Among the lines below, keep only those from the one containing "emberlynnix online show from 10/08/25, 04:14" through the one containing "Арочный навес из", and reproduce them exactly.

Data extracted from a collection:
________________
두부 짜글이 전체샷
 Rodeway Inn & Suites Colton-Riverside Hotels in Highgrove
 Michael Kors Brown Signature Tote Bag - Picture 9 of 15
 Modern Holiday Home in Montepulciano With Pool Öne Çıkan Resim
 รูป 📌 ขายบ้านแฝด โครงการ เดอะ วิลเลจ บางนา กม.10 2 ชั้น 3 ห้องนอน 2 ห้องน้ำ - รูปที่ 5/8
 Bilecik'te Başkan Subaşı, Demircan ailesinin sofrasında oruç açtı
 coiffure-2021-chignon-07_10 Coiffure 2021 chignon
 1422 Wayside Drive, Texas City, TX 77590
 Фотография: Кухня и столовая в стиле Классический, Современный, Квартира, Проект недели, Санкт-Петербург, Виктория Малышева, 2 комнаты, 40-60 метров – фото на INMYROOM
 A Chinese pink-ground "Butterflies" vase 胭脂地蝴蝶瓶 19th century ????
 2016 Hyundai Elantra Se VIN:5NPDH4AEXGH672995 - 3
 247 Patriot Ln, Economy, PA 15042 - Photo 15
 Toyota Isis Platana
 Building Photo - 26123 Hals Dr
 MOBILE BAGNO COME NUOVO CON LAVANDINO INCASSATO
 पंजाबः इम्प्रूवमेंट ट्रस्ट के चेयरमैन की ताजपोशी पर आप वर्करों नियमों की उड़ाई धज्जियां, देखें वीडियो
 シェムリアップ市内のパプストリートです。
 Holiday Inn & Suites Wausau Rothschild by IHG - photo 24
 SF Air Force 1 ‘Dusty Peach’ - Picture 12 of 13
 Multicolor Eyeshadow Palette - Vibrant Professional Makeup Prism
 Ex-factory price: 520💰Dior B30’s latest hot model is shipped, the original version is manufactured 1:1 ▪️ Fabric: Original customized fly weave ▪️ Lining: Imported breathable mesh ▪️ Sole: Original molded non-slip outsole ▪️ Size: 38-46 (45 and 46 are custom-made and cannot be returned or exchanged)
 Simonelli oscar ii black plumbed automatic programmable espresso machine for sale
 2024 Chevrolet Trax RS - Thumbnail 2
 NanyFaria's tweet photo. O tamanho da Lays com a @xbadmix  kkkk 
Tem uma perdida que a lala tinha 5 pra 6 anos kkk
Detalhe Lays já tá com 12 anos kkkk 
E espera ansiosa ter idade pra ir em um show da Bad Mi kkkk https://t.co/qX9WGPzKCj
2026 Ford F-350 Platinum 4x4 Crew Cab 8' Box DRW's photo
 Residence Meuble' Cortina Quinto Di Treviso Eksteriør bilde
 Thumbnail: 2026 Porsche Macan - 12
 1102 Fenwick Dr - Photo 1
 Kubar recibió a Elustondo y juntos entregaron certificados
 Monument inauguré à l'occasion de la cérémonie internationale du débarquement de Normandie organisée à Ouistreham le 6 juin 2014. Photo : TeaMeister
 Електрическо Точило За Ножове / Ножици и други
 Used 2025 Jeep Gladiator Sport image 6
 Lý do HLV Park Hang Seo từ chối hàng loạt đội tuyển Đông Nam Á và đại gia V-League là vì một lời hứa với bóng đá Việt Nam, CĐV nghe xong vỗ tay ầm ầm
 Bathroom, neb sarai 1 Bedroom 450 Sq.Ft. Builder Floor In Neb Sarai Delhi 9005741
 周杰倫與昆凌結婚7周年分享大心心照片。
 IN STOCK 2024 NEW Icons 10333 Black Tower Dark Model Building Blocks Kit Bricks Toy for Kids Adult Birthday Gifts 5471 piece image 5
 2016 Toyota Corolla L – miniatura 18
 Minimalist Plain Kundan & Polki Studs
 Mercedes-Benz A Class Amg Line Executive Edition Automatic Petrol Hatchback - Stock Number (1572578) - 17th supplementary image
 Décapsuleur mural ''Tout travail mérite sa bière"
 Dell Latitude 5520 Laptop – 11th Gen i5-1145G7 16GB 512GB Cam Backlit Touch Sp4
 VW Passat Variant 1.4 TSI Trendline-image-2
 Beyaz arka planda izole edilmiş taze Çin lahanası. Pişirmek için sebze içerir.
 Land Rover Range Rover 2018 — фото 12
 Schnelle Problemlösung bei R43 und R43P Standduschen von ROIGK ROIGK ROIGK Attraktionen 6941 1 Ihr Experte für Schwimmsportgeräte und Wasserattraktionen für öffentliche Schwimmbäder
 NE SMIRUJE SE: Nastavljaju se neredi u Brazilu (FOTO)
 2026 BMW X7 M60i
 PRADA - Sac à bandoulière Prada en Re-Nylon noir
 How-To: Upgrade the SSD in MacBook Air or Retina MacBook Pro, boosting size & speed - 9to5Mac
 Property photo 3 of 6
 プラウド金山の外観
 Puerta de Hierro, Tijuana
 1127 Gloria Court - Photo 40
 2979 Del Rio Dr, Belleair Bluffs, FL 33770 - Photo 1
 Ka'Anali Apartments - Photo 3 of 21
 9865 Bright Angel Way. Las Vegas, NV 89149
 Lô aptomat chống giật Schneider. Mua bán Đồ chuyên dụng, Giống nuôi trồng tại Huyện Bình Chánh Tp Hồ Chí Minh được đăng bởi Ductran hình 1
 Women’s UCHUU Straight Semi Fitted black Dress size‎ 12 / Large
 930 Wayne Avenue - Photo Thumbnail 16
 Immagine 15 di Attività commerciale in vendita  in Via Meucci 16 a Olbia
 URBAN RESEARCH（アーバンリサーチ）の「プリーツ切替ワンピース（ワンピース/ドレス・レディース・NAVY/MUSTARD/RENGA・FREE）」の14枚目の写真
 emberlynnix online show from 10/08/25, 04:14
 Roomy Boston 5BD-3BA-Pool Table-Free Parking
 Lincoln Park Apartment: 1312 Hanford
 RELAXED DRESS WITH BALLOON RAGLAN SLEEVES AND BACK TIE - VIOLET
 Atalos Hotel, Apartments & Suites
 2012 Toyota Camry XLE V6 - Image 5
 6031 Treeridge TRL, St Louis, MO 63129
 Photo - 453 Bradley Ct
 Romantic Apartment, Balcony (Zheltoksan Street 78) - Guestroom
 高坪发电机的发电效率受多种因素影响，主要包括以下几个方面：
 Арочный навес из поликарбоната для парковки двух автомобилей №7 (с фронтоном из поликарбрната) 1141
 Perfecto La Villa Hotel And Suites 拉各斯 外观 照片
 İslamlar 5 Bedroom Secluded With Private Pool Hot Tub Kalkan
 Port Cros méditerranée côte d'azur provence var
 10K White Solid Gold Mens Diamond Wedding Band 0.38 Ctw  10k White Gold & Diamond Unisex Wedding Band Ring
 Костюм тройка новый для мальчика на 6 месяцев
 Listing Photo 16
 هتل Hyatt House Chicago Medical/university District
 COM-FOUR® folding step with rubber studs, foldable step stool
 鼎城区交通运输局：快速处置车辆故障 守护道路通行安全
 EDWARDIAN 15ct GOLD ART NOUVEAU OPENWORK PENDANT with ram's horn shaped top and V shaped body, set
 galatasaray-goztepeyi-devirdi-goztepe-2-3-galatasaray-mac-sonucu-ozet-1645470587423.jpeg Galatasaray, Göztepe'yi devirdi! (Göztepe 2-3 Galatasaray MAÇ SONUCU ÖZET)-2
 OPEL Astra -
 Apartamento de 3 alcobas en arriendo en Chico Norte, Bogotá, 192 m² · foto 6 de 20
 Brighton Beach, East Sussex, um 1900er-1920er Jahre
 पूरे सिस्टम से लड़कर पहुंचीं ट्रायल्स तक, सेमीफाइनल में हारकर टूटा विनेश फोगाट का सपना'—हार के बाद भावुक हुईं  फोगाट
________________
◆ **Answer box**:
 emberlynnix online show from 10/08/25, 04:14
 Roomy Boston 5BD-3BA-Pool Table-Free Parking
 Lincoln Park Apartment: 1312 Hanford
 RELAXED DRESS WITH BALLOON RAGLAN SLEEVES AND BACK TIE - VIOLET
 Atalos Hotel, Apartments & Suites
 2012 Toyota Camry XLE V6 - Image 5
 6031 Treeridge TRL, St Louis, MO 63129
 Photo - 453 Bradley Ct
 Romantic Apartment, Balcony (Zheltoksan Street 78) - Guestroom
 高坪发电机的发电效率受多种因素影响，主要包括以下几个方面：
 Арочный навес из поликарбоната для парковки двух автомобилей №7 (с фронтоном из поликарбрната) 1141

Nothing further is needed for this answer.